Forums : Technical Issue Help

Dear Open Hub Users,

We’re excited to announce that we will be moving the Open Hub Forum to https://community.synopsys.com/s/black-duck-open-hub. Beginning immediately, users can head over, register, get technical help and discuss issue pertinent to the Open Hub. Registered users can also subscribe to Open Hub announcements here.


On May 1, 2020, we will be freezing https://www.openhub.net/forums and users will not be able to create new discussions. If you have any questions and concerns, please email us at [email protected]

Code analysis of "GNU Autoconf Archive" project is wrong

The code analysis of the GNU Autoconf Archive says that 46% of the code is written in Python. However, that cannot possibly be true. The vast majority of source code in that project is written for Autoconf, i.e. it resides in m4/*. Is it possible that the statistics gatherer doesn't recognize these files correctly?

Peter Simons about 14 years ago
 

Yes, Ohloh does not recognize *.m4 files at all, and they are completely ignored by our line counter.

This may be a simple fix -- we have an autoconf parser, but it only processes configure, configure.in, and configure.ac files. I'm not an autoconf user. Would the fix be as simple as passing all *.m4 files to the same parser we use for configure.* files?

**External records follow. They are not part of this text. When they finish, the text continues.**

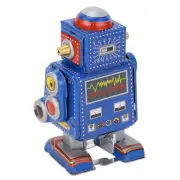(Blue)Wind Up Robot Toy Hand Made Decorative Vintage Clockwork Robot Toy DP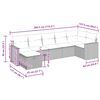 vidaXL 7 pcs conjunto de sof&aacute;s p/ jardim com almofad&otilde;es vime PE bege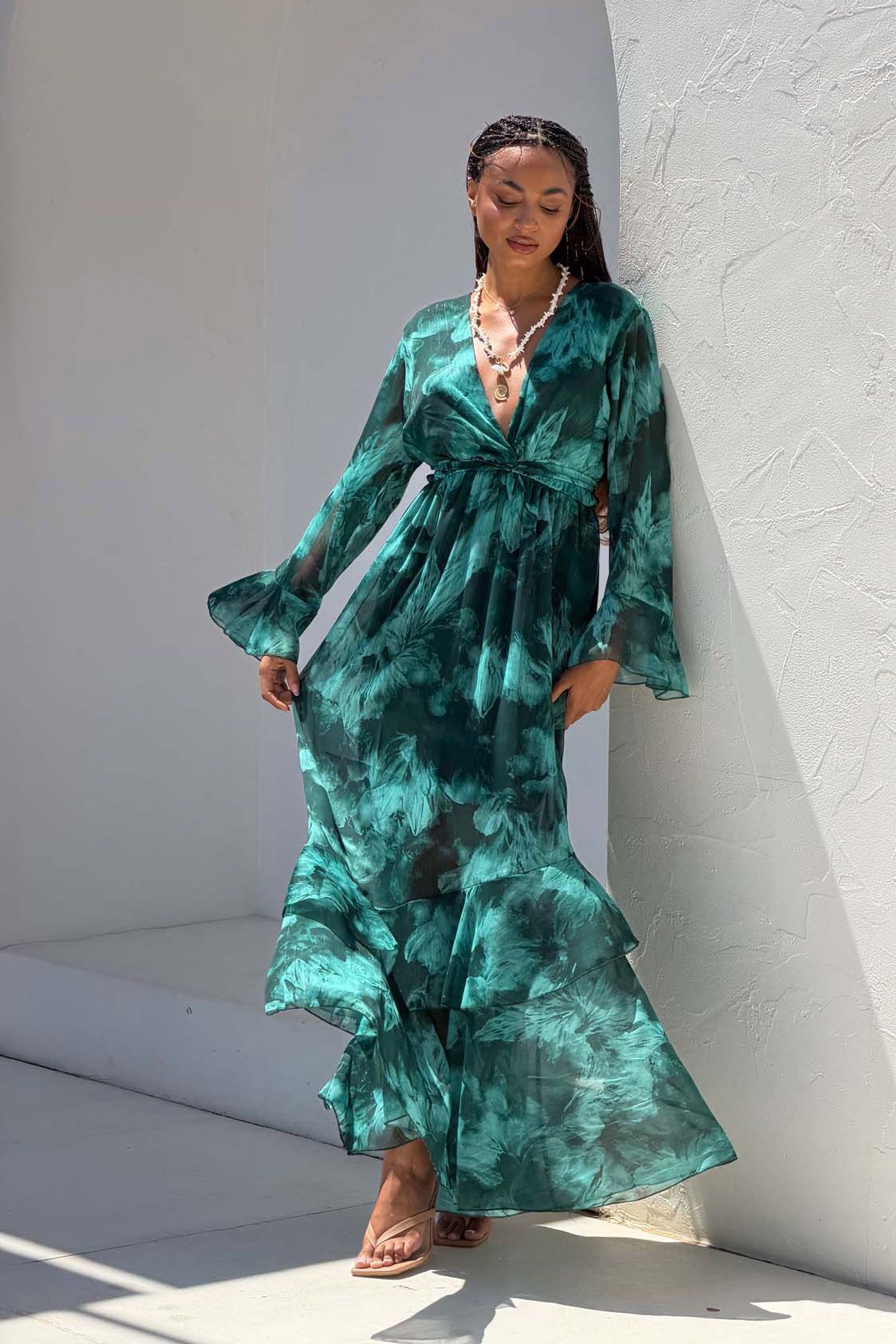 Anelia κρουαζέ μάξι φόρεμα πράσινο Anelia κρουαζέ μάξι φόρεμα πράσινο - Image 1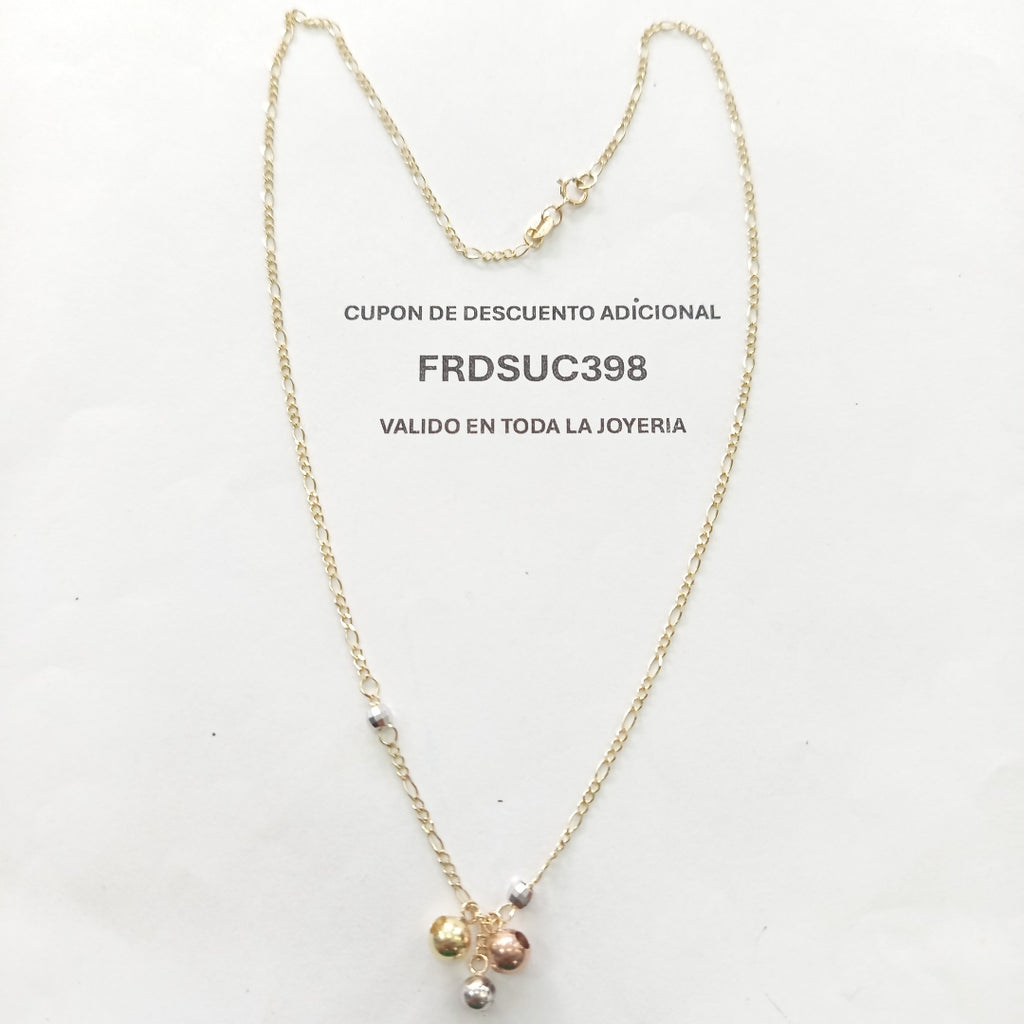 CADENA GARGANTILLA 3X1 CON ESFERAS COMBINADAS 14K 45 CM 3 GR (NUEVO)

Robin Luckey about 14 years ago
 

Hi Robin,

*.m4 files that are inputs for Autoconf can be parsed with the same parser as the configure.ac scripts.

Now, the vast majorify of *.m4 files will be directed at Autoconf -- especially in a free software environment. There are other uses, though, that the Autoconf parser would not be able to recognize. M4 is just a general-purpose text pre-processor, like cpp. Sendmail, for example, uses m4 to generate its configuration file, which is totally unrelated to Autoconf. So does the SELinux kernel.

As a rule of thumb, it's probably safe to assume that an *.m4 file is related to Autoconf if it contains the string AC_DEFUN, which is the command used to define an Autoconf macro. There is also the file aclocal.m4, which is commonly used by the Autoconf and Automake package. Oftentimes, Autoconf macros reside in a directory called m4 or build-aux, which might a clue, too.

I hope this helps!

Peter Simons about 14 years ago
 

Hi Robin,

is there any chance that the line counter could be changed to honor *.m4 files? Even a trivial solution would be better than the current state where those files are completely ignored, IHMO. The statistics for the autoconf archive are really way off. :-(

Take care,
Peter

Peter Simons about 14 years ago
 

Hi Peter,

Thanks for all of the information -- I think it is enough to implement a decent m4 parser.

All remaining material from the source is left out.